To mark the 25th anniversary of Tomb Raider, Square Enix and Crystal Dynamics celebrated the franchise with community features, nostalgic and unseen contents throughout 2021. On its dedicated month, it was revealed that Legend had sold 6.4 million by June 2021.

===Accolades===
At the 2006 Spike Video Game Awards, Lara Croft was nominated in the Cyber Vixen of the Year category. Keeley Hawes was nominated in the Best Performance by a Human (Female) category.

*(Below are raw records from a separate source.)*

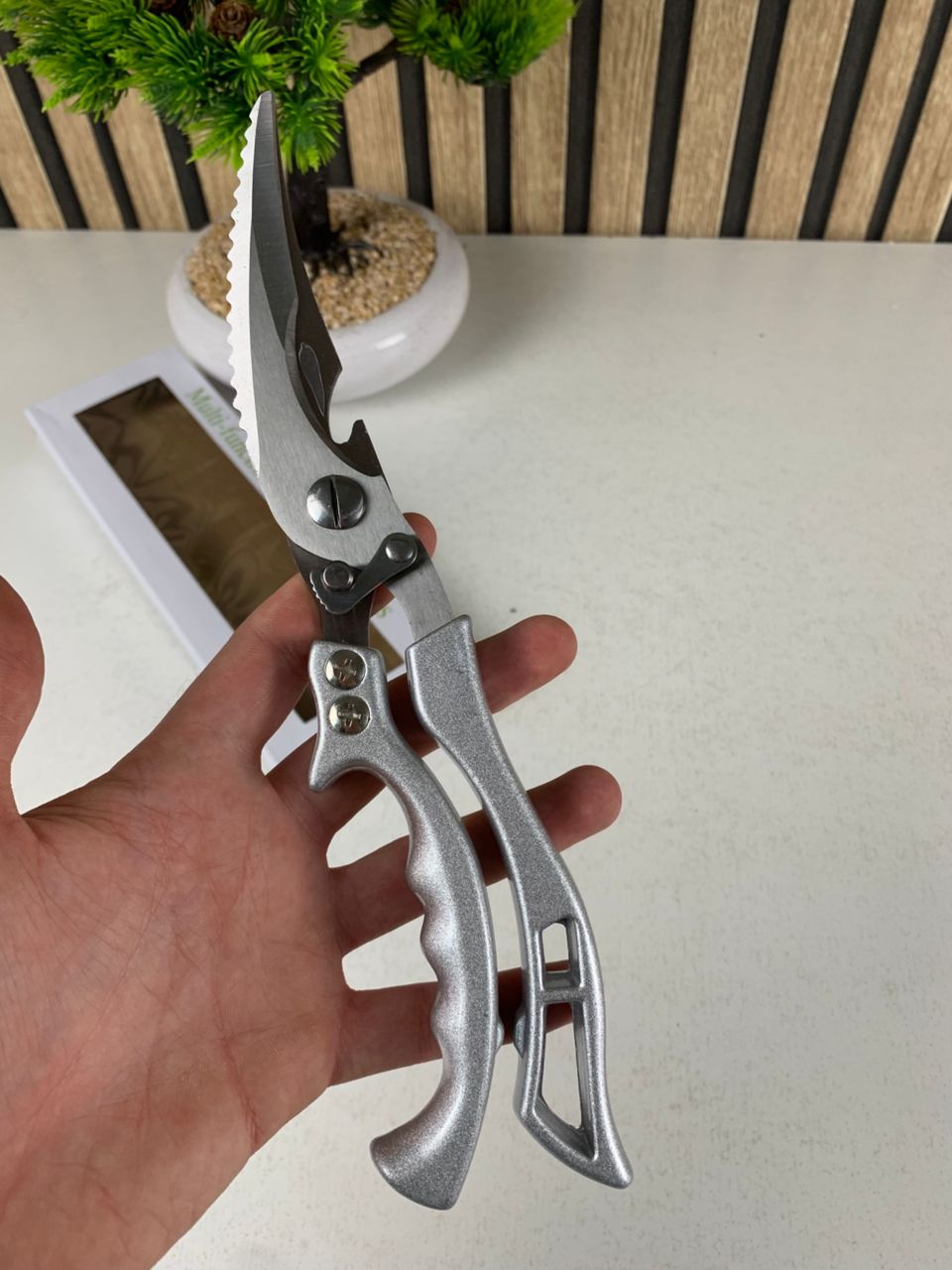 Stainless steel kitchen scissors with aluminum handle
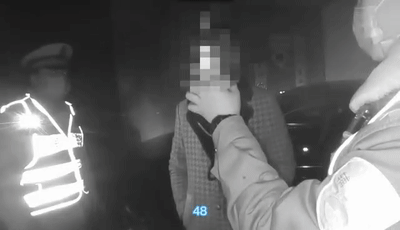 边开车边喝酒？原因让人哭笑不得！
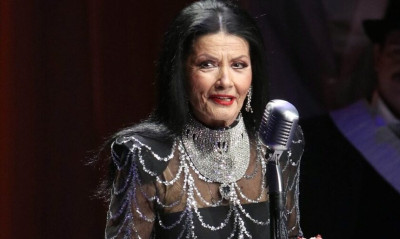 Ζωζώ Σαπουντζάκη: Βίντεο από τις πρόβες λίγο πριν λιποθυμήσει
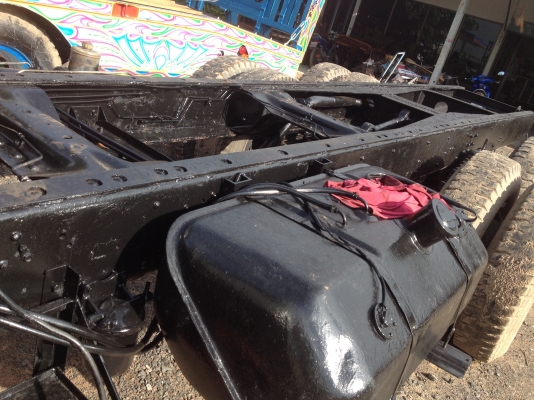 10ล้อเพลาเดียวครับกำลังต่อเทเลอร์ขึ้นรถเกี่ยว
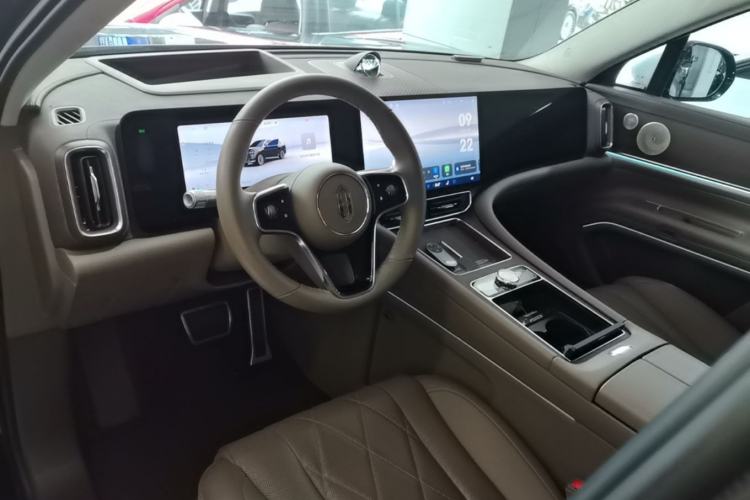 Used Hima AITO M9 2024 Range-Extended Ultra Version 52 kWh 5-Seater Model Center Console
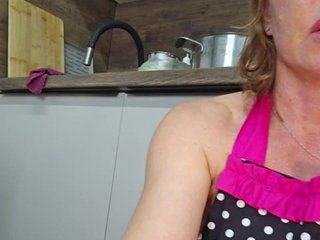 EditaMilf Porn Show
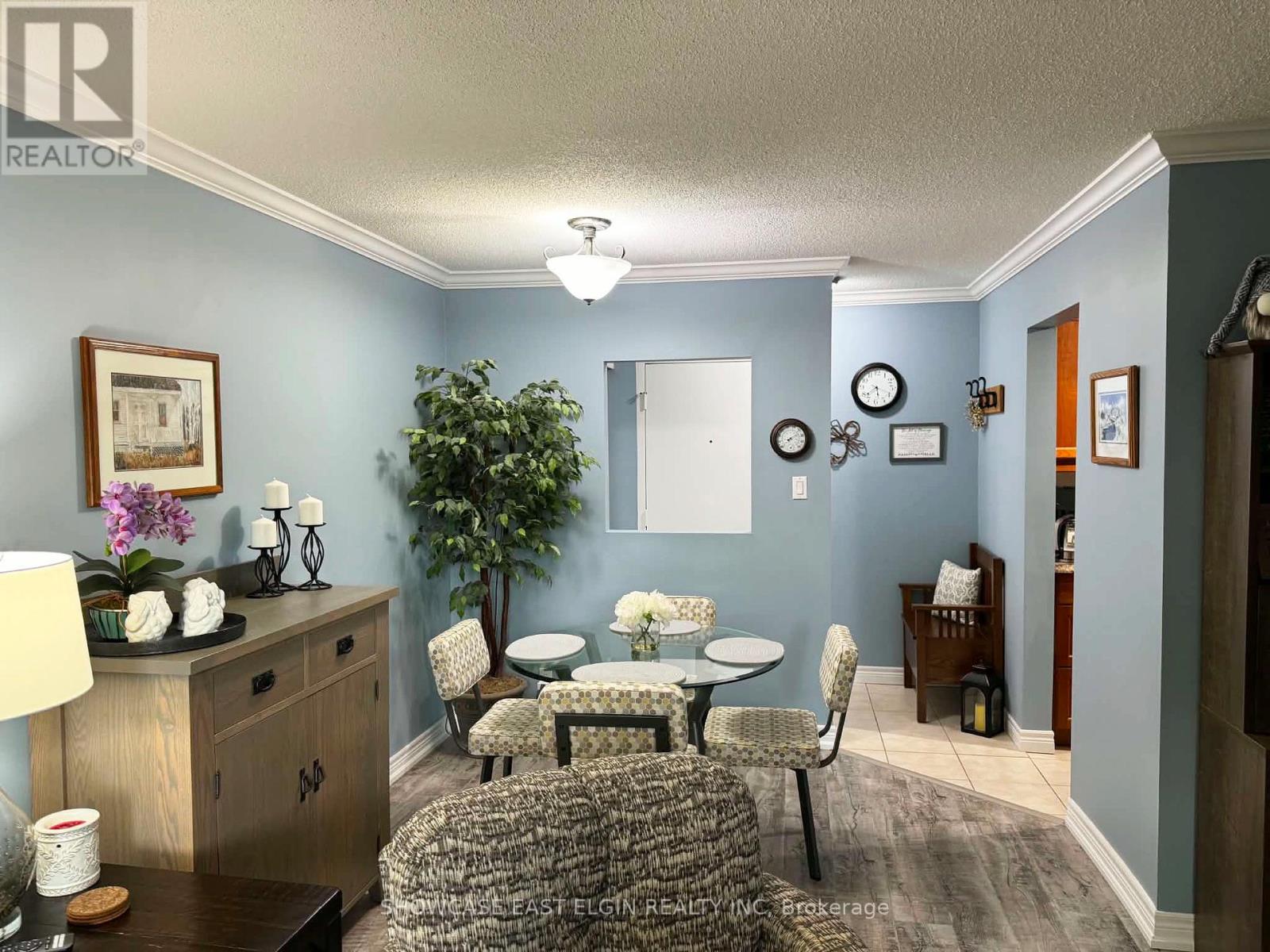 #201 91 SPRUCE STREET W - 5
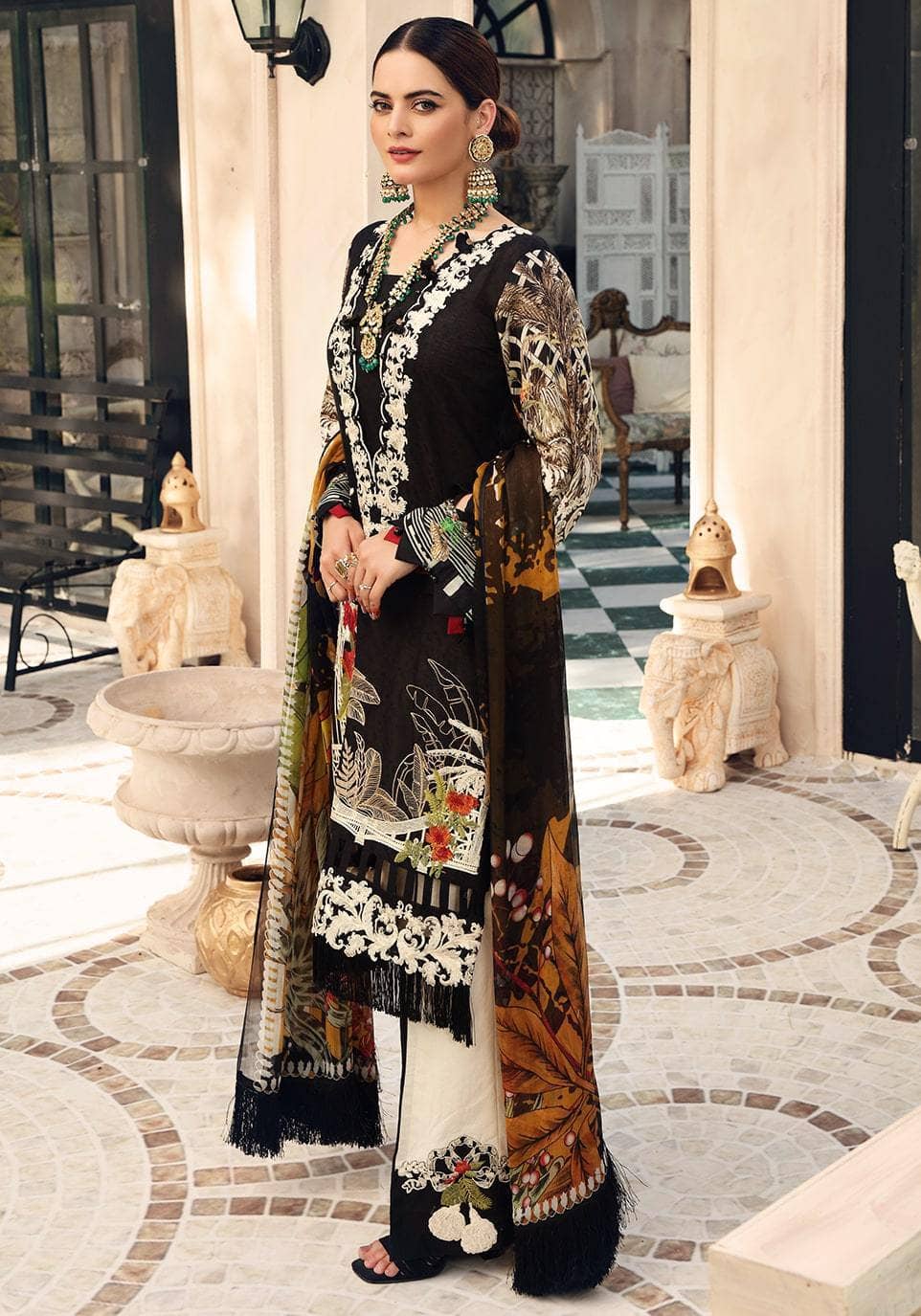 img_elaf_festive_chikankari_lawn_collection_awwal_boutique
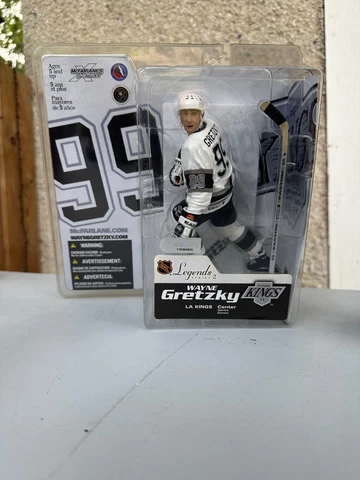 LA Kings Wayne Gretzky NHL Legends McFarlane Series 2 White Jersey Cover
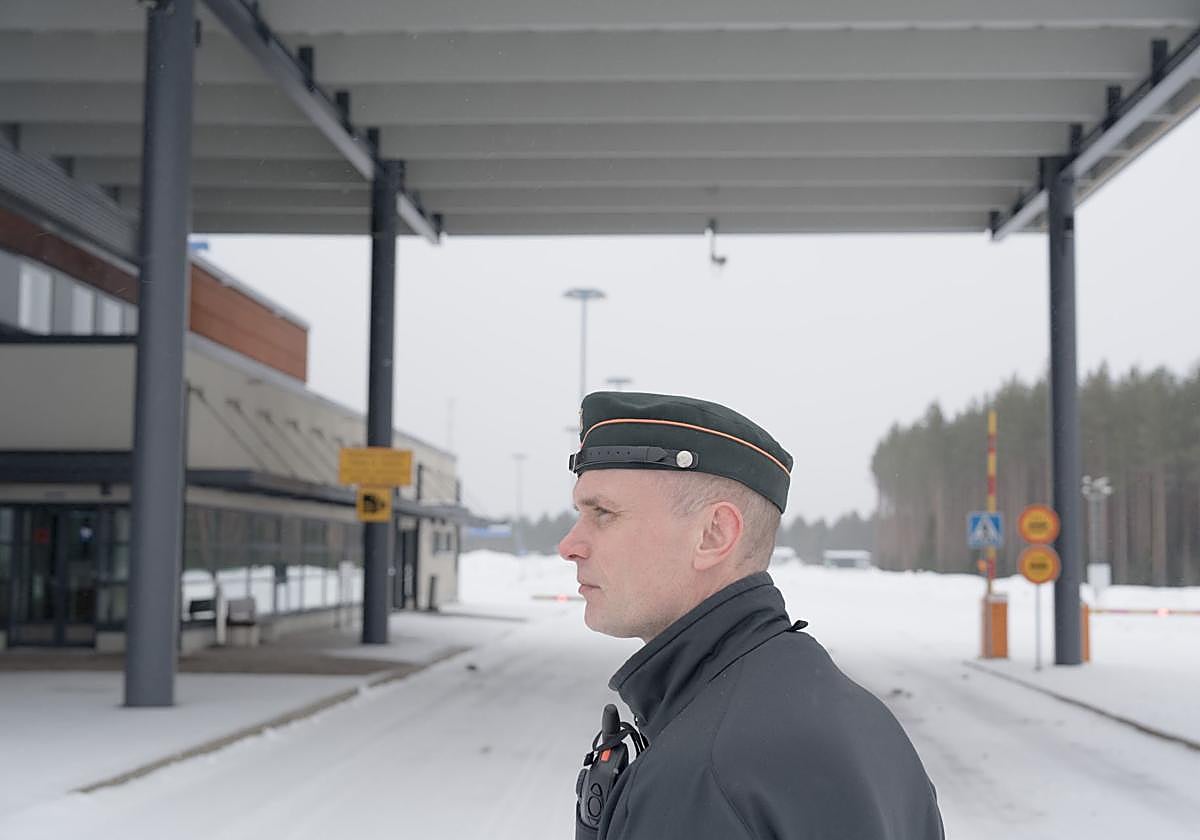 Un militar finlandés vigila un punto de entrada en la frontera con Rusia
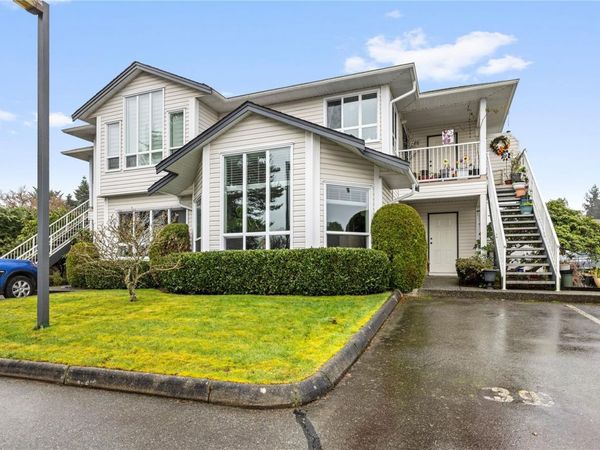 6245 Blueback Rd, Unit 39, Nanaimo, BC V9V 1N7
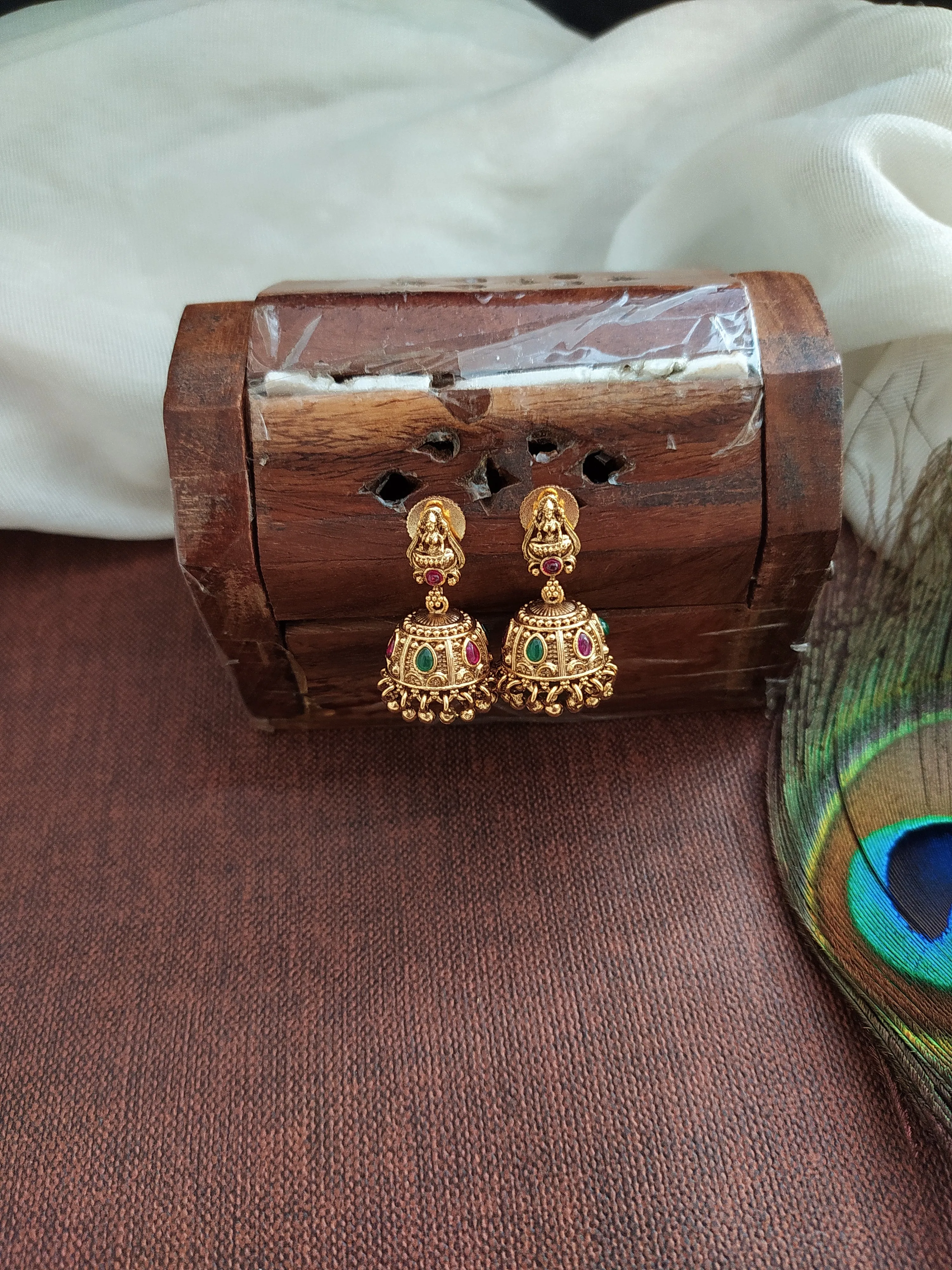 Antique Simple Lakshmi Necklace with Jhumki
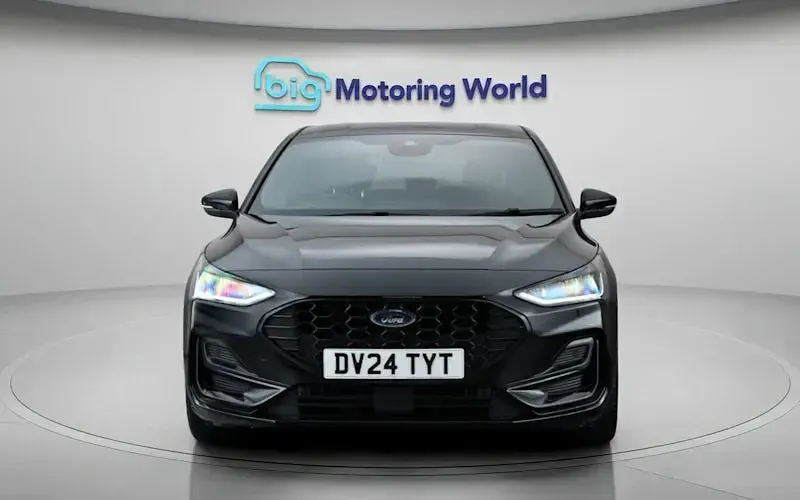 Used Ford Focus ST-Line 155 HP (114 kW) 2024 Black Hatchback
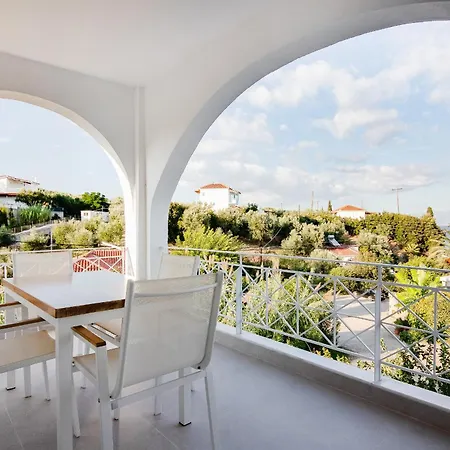 Aparthotel Peroulia *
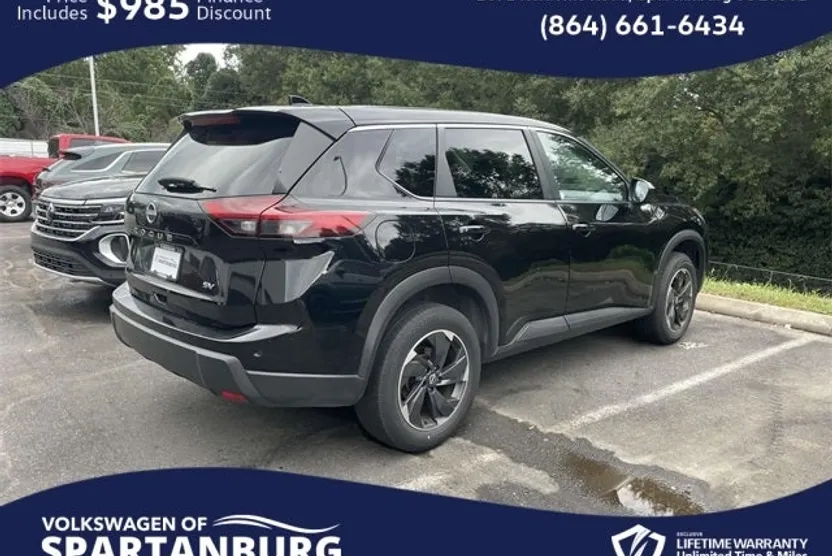 2024 Nissan Rogue SV photo 1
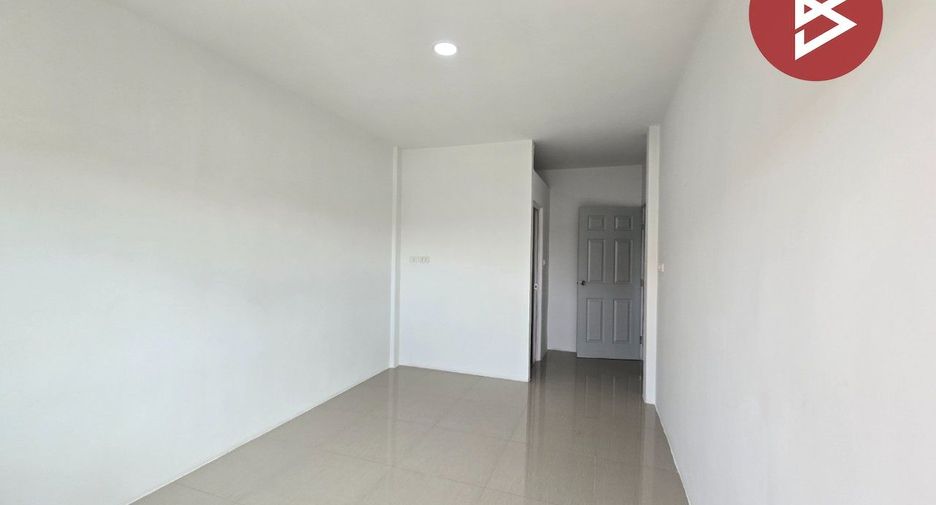 Продажа 4 спальни таунхаус в Mueang Samut Prakan, Самутпракан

The National Academy of Video Game Trade Reviewers nominated the game in the Control Precision category in 2006. At the Golden Joystick Awards that year, the game received nominations in the Girls Choice, PC Game of the Year, PlayStation Game of the Year, Xbox Game of the Year and Ultimate Game of 2006 categories. Lara Croft herself was nominated for and won the Favourite Character award. The game's mobile version won an award at the 2007 Spike Video Game Awards in the Best Mobile Action Game category, as well as being nominated for Mobile Game of the Year. At the 2006 British Academy of Film and Television Arts, Legend won the award for Best Original Score. The soundtrack also won the Music of the Year award at the 2007 Game Audio Network Guild Awards. The game was also the winner in the Interactive Entertainment Sound Production category at the 2007 TEC Awards.

==Legacy==

In later articles discussing the Tomb Raider series, Legend is generally cited as having restored fans' faith in its brand and its lead character. Following the success of Legend, Crystal Dynamics remade the original game under the title Tomb Raider: Anniversary, which was released in 2007. A sequel to Legend, Tomb Raider: Underworld began development following the release of Legend and was published in 2008. Legend was remastered by Buzz Monkey Software and re-released as part of a PlayStation 3 collection, The Tomb Raider Trilogy, alongside Anniversary and Underworld in March 2011 worldwide. Hawes voiced Lara in Anniversary, Underworld, and titles in the Lara Croft spin-off series, which take place in their own continuity and began with Guardian of Light in 2010.